- _PROMPT_: Apart from the pictures, which must be omitted, restate the data exactly.

- _INFORMATION SHOWN_:
_ _ _ _
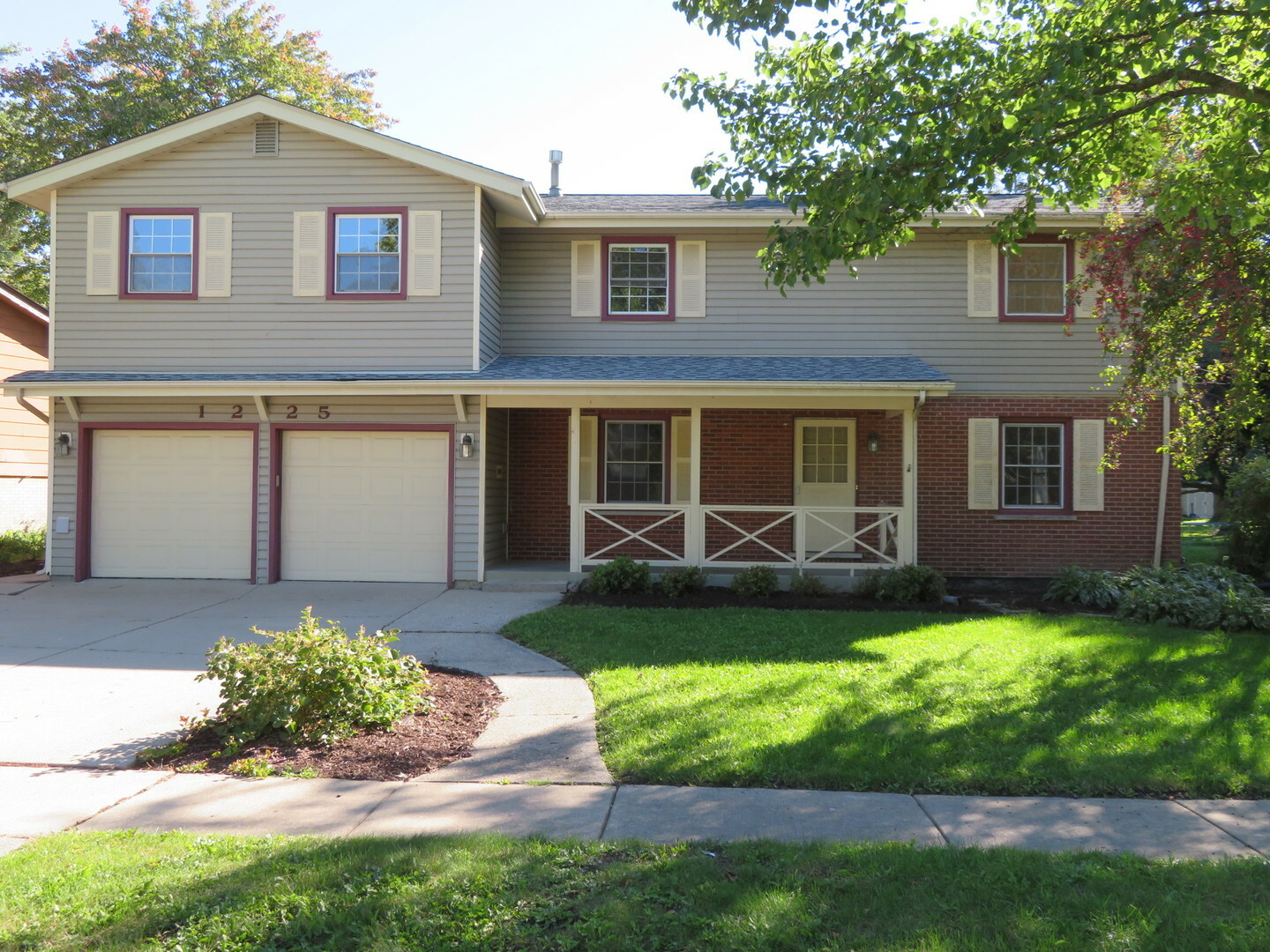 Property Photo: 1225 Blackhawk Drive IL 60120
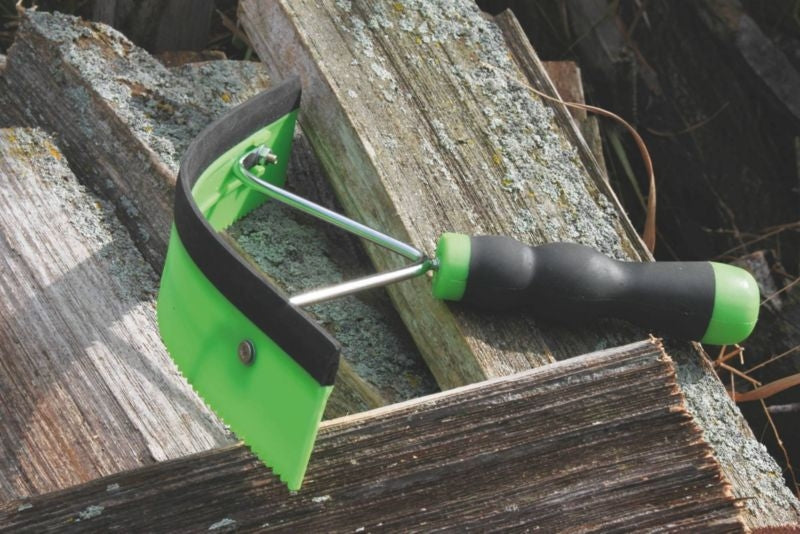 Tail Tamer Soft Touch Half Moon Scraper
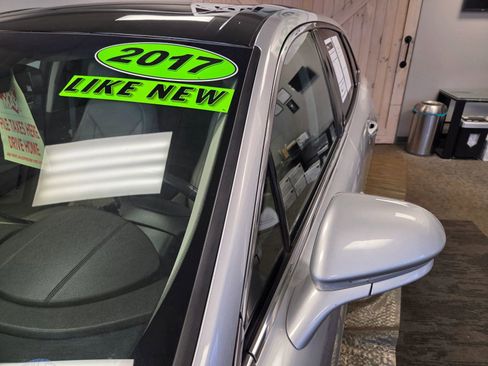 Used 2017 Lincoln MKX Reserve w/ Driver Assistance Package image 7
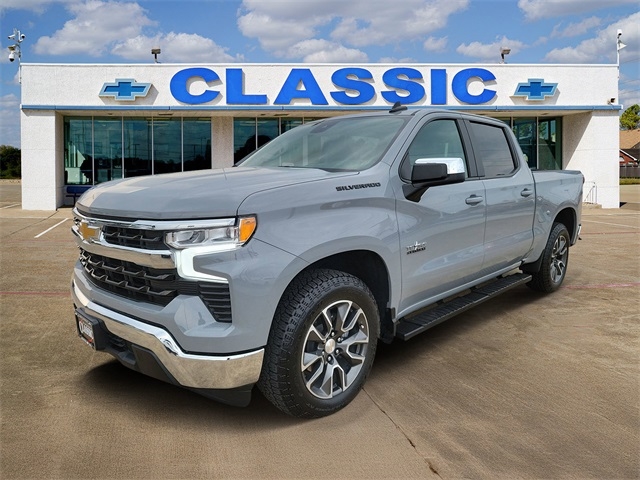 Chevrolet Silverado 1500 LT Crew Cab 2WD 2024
_ _ _ _
- _OUTPUT_:
 Property Photo: 1225 Blackhawk Drive IL 60120
 Tail Tamer Soft Touch Half Moon Scraper
 Used 2017 Lincoln MKX Reserve w/ Driver Assistance Package image 7
 Chevrolet Silverado 1500 LT Crew Cab 2WD 2024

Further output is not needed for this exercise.